-- What you will do --
With pictures excluded, copy word for word the lines in the data below from the line containing "[upl. by Kcinnay]" through the line containing "و مراسم ظرف".

-- Supplied material --
━━━━━━

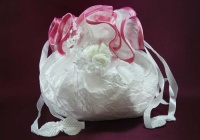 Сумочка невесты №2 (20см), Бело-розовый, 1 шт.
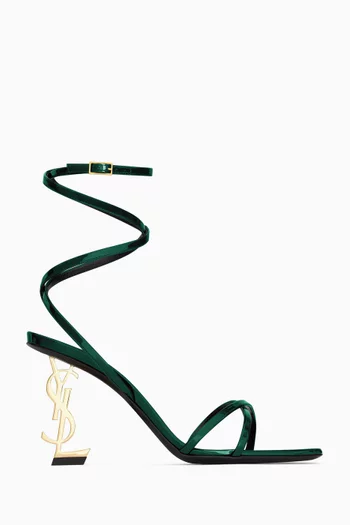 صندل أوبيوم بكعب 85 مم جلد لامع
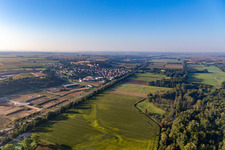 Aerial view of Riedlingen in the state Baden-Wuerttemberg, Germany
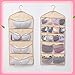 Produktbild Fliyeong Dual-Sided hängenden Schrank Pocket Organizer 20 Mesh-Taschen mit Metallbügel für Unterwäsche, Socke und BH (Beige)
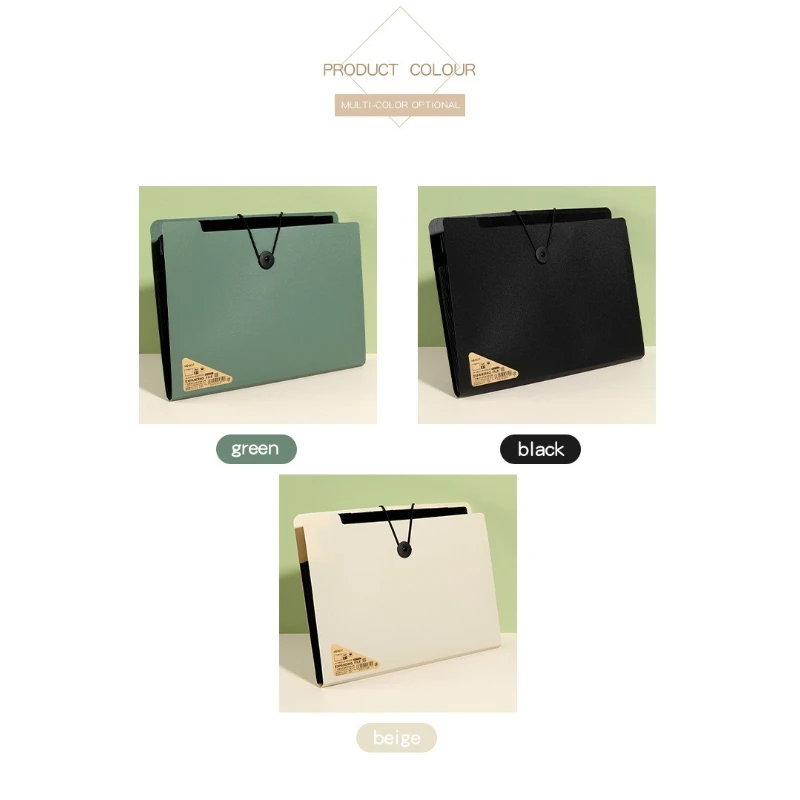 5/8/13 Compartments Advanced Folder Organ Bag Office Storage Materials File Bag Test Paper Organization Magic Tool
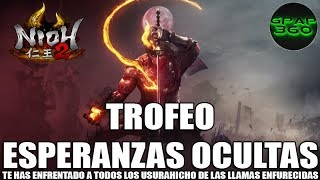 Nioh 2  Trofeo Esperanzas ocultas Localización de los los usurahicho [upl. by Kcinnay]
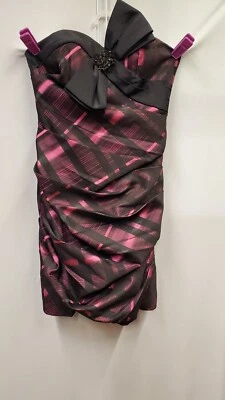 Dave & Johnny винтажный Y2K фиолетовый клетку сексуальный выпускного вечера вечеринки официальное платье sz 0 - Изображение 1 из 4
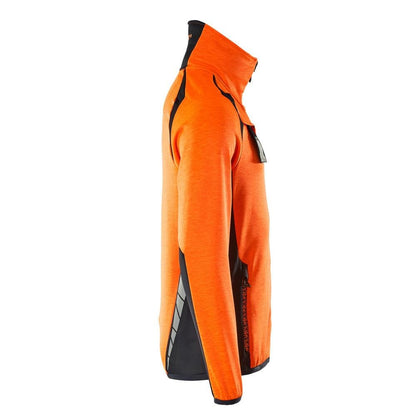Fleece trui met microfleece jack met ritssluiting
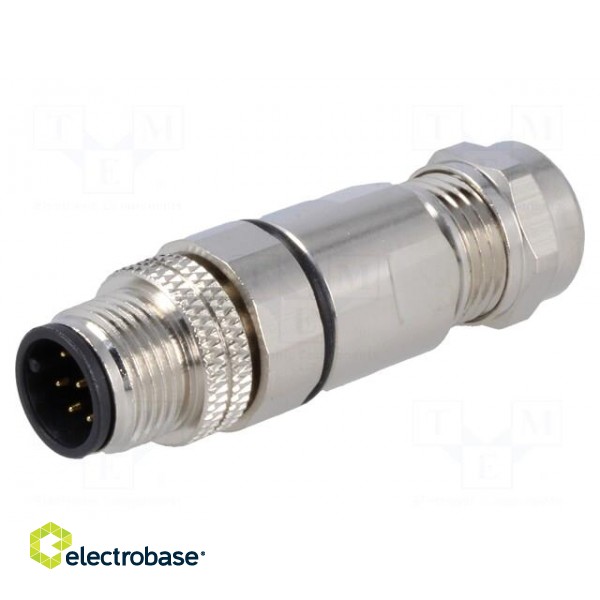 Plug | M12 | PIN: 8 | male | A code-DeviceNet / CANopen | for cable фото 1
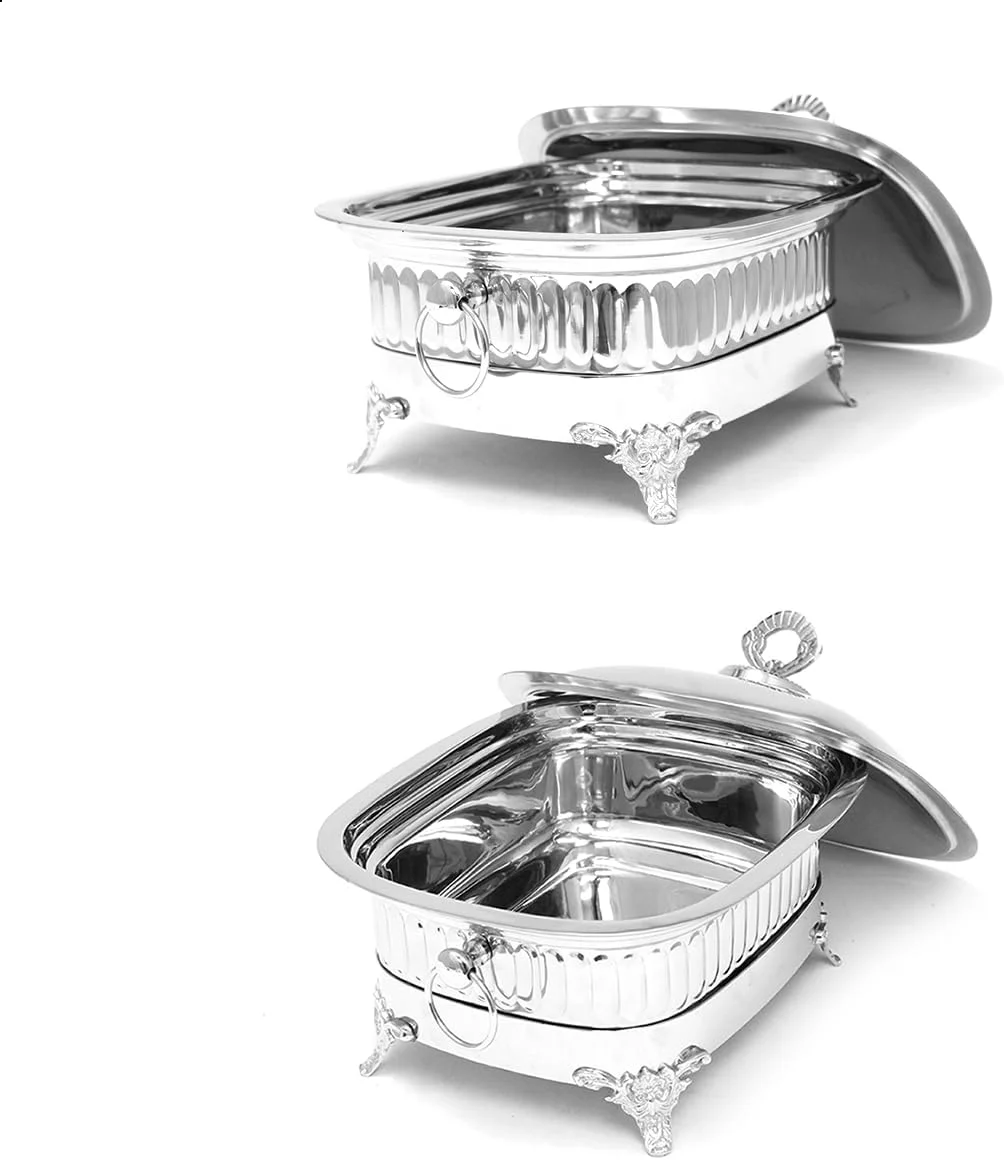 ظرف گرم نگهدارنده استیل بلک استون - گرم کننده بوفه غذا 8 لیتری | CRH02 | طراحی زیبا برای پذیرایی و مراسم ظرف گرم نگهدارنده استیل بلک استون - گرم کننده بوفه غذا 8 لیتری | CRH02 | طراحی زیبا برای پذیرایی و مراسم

━━━━━━

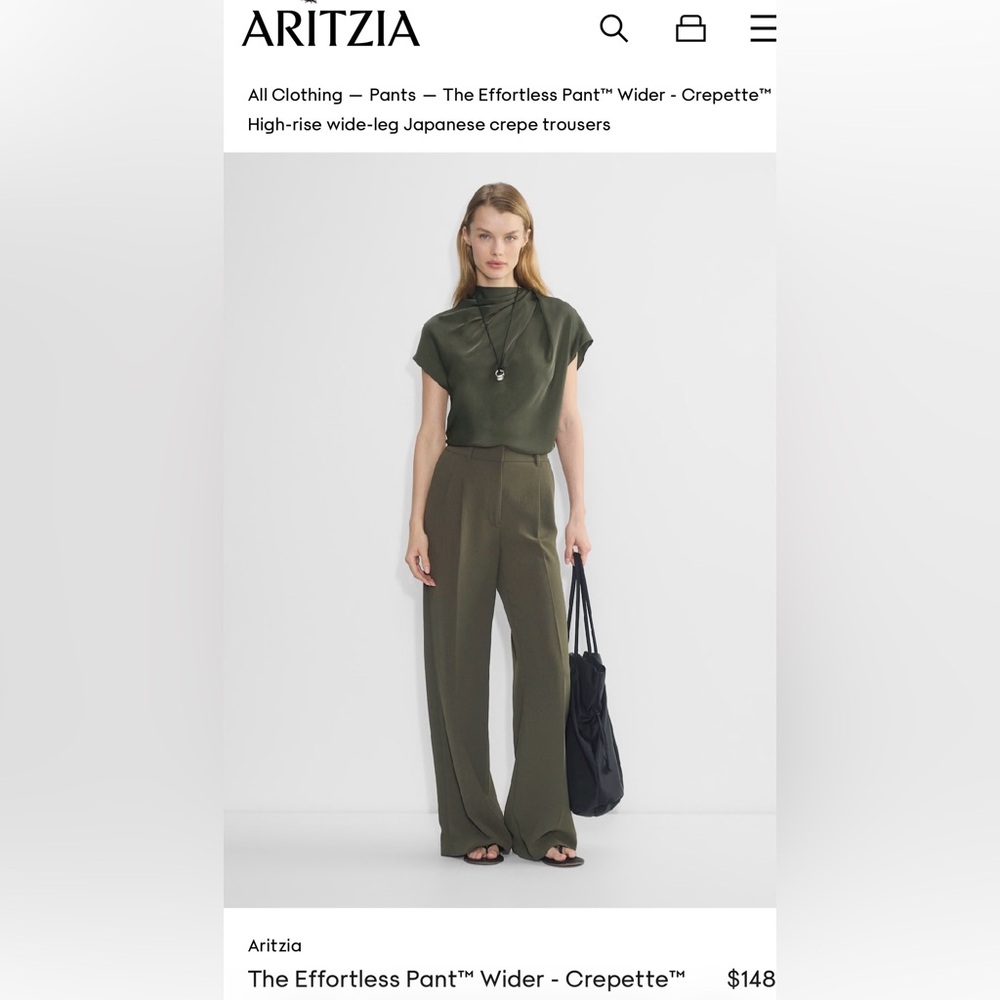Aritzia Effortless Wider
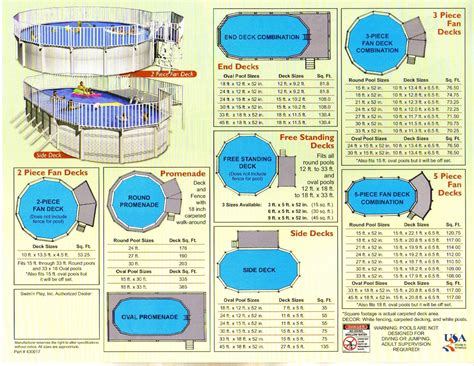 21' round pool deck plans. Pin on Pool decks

━━━━━━

-- Result of the task --
 Nioh 2  Trofeo Esperanzas ocultas Localización de los los usurahicho [upl. by Kcinnay]
 Dave & Johnny винтажный Y2K фиолетовый клетку сексуальный выпускного вечера вечеринки официальное платье sz 0 - Изображение 1 из 4
Fleece trui met microfleece jack met ritssluiting
 Plug | M12 | PIN: 8 | male | A code-DeviceNet / CANopen | for cable фото 1
 ظرف گرم نگهدارنده استیل بلک استون - گرم کننده بوفه غذا 8 لیتری | CRH02 | طراحی زیبا برای پذیرایی و مراسم ظرف گرم نگهدارنده استیل بلک استون - گرم کننده بوفه غذا 8 لیتری | CRH02 | طراحی زیبا برای پذیرایی و مراسم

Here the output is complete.